3:03 PM:  I spot the bay to my right and decide to go jump into it.  With the excitement of a pouncing calico onto a ball of rolling yarn I launch myself into the salty waters.  Wanting to feel closer to the water, we become blood brothers using a hidden mullosk shell to do the honors.  

 

4 PM:  EMT house guest cleans foot with special disinfectant.  When I ask him what it is he says it’s to make sure coral doesn’t grow in my foot.  Being that the reef has been dying, I feel saddened that I am not doing my part.  Knowing that man eating sharks love reefs, I feel slightly better.   

8 PM:  A shower and lots of bandages later I make my way to the final dance at Blazzues.  With my injured foot, I bring back the famous and almost forgot dance move, the “limp chicken” .

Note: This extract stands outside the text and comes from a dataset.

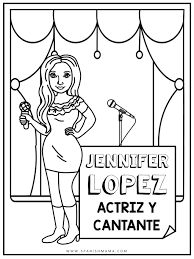 Free Hispanic Heritage Month Coloring Pages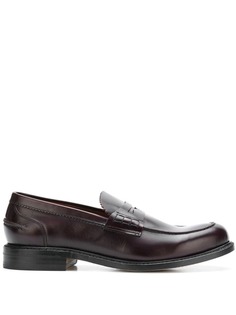 Berwick Shoes penny loafers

Midnight:  Leave dance to purchase food for the massive after party.  How many people are coming?  A lot they say.  The host gives me his credit card forgetting that I am traveling with little money.  The temptation to pick up Superman X-Ray goggles is almost unbearable.

1 AM:  Get back to house and prepare to cook food.  Quickly discover they do not have the equipment I need to do this meal.  I gather my minions around me, we light a candle, say a prayer to Saint MacGuyver and attempt a ghetto rigged version of my meal.  Surpringly, it turns out to be a success.

 

1:45 AM:  With dinner done, I walk out to find that in the race of who can become beligerently drunk first, I am as far behind as a man in the bathroom dealing with a case of bad guacamole consumption.  Everyone is shit faced but me.  

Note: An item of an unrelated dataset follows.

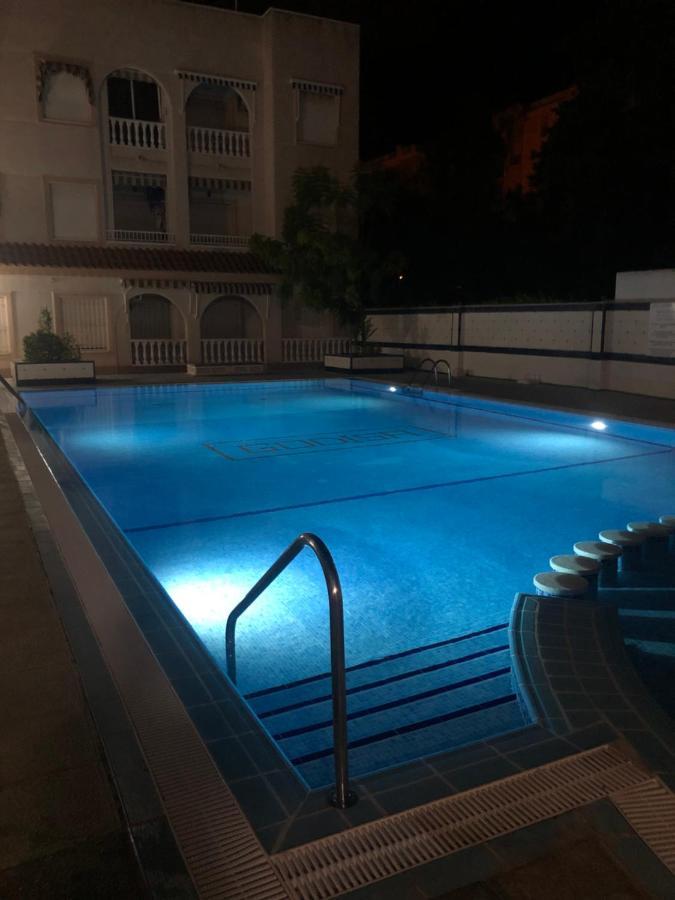 Apartamentos Avenida Diego Ramirez Torrevieja Exterior foto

3 AM:  I fall asleep on the world’s most uncomfortable napping couch with two girls, otherwise known as beautiful little furnaces.  How my body temp doesn’t spike into the red zone causing me to spontaneously combust is anyone’s guess.  Either way, I fall asleep basking in the wonder of a great weekend.

Final Review:

Approaching a first time blues event in a city you’ve never danced in is kind of like getting head from a girl with braces.  You don’t know what to expect, but as her head goes downwards, there is a degree of anticipation that cannot be summed up by simply saying “I was nervous”.  However I was pleasantly surprised by this event.  What they lacked in large ratios of awesome dancers, they made up for in the amazing energy of the event.  

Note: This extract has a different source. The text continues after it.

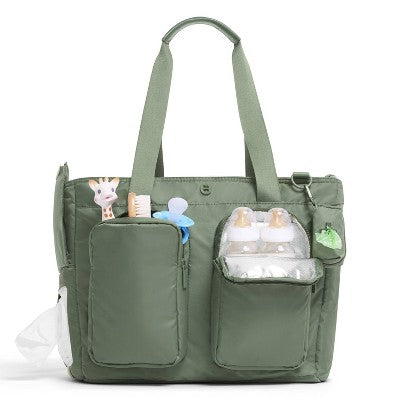 Huggies Evening Carry All Tote Diaper Bag - Laurel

Dancing with people who really are happy to be there makes such a difference, and whether my dances were great, decent or to be filed in the drawer “burn notice” there was a vibe at this event that was amazingly friendly, welcoming and fun.  All in all I definitely am looking forward to going back next year.  The people there were fantastic.  Special thanks to Stes who put on a wonderful event.